420 Заводские варяги 22-24 04 1974

Александр Суворый
Александр Сергеевич Суворов («Александр Суворый»)

Книга-фотохроника: «Легендарный БПК «Свирепый» ДКБФ 1971-1974».

Глава 420. ВМБ Балтийск. БПК «Свирепый». Заводские варяги. 22-24.04.1974.

Фотоиллюстрация из открытой сети Интернет: Прибалтийский судостроительный завод «Янтарь». Стапели с заложенными СКР пр.11356. Достроечная заводская причальная стенка. Здесь в своё время стоял БПК «Свирепый».

Здесь был создан БПК «Свирепый» пр.1135 типа «Буревестник» (заводской номер 153): заложен на стапеле 15 июня 1970 года, спущен на воду 27 января 1971 года, сформирован первый экипаж 07 марта 1972 года, заселён первым экипажем 29 июля 1972 года, поднят Военно-Морской Флаг (день рождения боевого корабля) 12 августа 1972 года, введён в строй ДКБФ 29 декабря 1972 года, принял первый раз Главкома ВМФ СССР Адмирала флота Советского Союза С.С. Горшкова 31 января 1973 года, выполнил задачи первой БС (боевой службы) 20 июля – 15 октября 1973 года, встал на первый ремонт – 22-30 апреля 1974 года.

Кроме БПК «Свирепый» на ПСЗ «Янтарь» созданы большие противолодочные корабли пр.1135: головной БПК «Бдительный» (1970), БПК «Бодрый» (1971), БПК «Сильный» (1973), БПК «Сторожевой» (1973), БПК «Разумный» (1974), БПК «Разящий» (1974) и БПК «Дружный» (1975).


В предыдущем:

Как известно, от суеверной опаски и боязни до авторитетного уважения и признания – один шаг…

Ночью в 02:00 22 апреля 1974 года закончил работу над гравюрой «Три ковбоя». Получилось очень недурно. Повесил эту гравюру в отсеке корабельной библиотеки и много раз подходил к ней – любовался - огрехи есть, рука ещё неуверенно держит резец…

Когда был в базовой библиотеке, то перерисовывал картинки и иллюстрации из журнала «Смена» и «Юность» себе в альбом «Смешанина». Так возникли сюжеты и эскизы гравюр «Мужчина и Женщина», «Белая и чёрная розы», «Ромео и Джульетта».
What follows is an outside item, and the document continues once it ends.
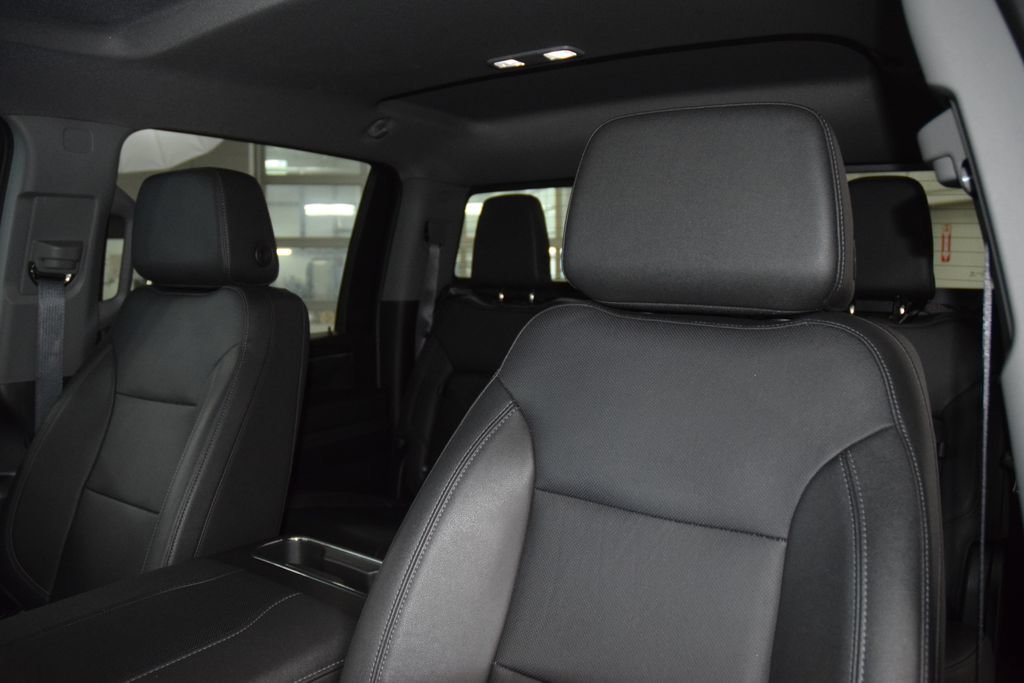 Used 2024 Chevrolet Silverado 2500 LTZ w/ LTZ Convenience Package AWD/4WD image 45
Первые пробные гравюры забрал себе замполит, старший лейтенант А.В. Мерзляков. Второй комплект – промежуточный – раздарил друзьям и годкам, а вот этот – третий или самый удачный – решил приберечь на крайний случай: ребята говорят - девушки любят всякие самодельные поделки-проделки матросов, а на заводе меня, вероятно, ждёт «Ханна, которую знает весь завод»...

Да, общение с Ханной в августе 1972 года, а затем встреча и прощание в начале июля 1973 года оставили в моей душе и на сердце «зарубку» памяти и ощущение глубокой вины. Как-то мы с ней встретимся?
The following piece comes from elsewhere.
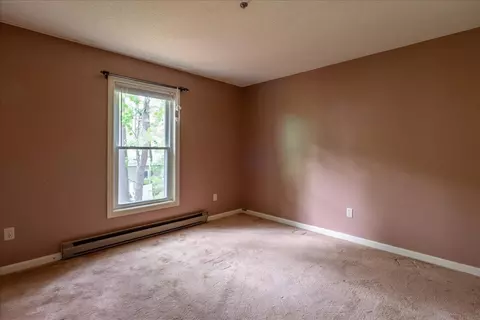 Bedroom - 21 Pine Hill Dr #21, Bath, ME 04530 photo 1 of 7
Может быть подспудно и подсознательно я вырезал эти романтически гравюры на дереве для того, чтобы при встрече подарить ей?

Я закончил работу и уже совсем без сил повалился на матрац, который лежал у меня в столе-рундуке президиума в «ленкаюте». Пожелав спокойной ночи членам Политбюро ЦК КПСС, я забылся счастливым и безмятежным сном – меня забыли или, наоборот, мучительно помнят…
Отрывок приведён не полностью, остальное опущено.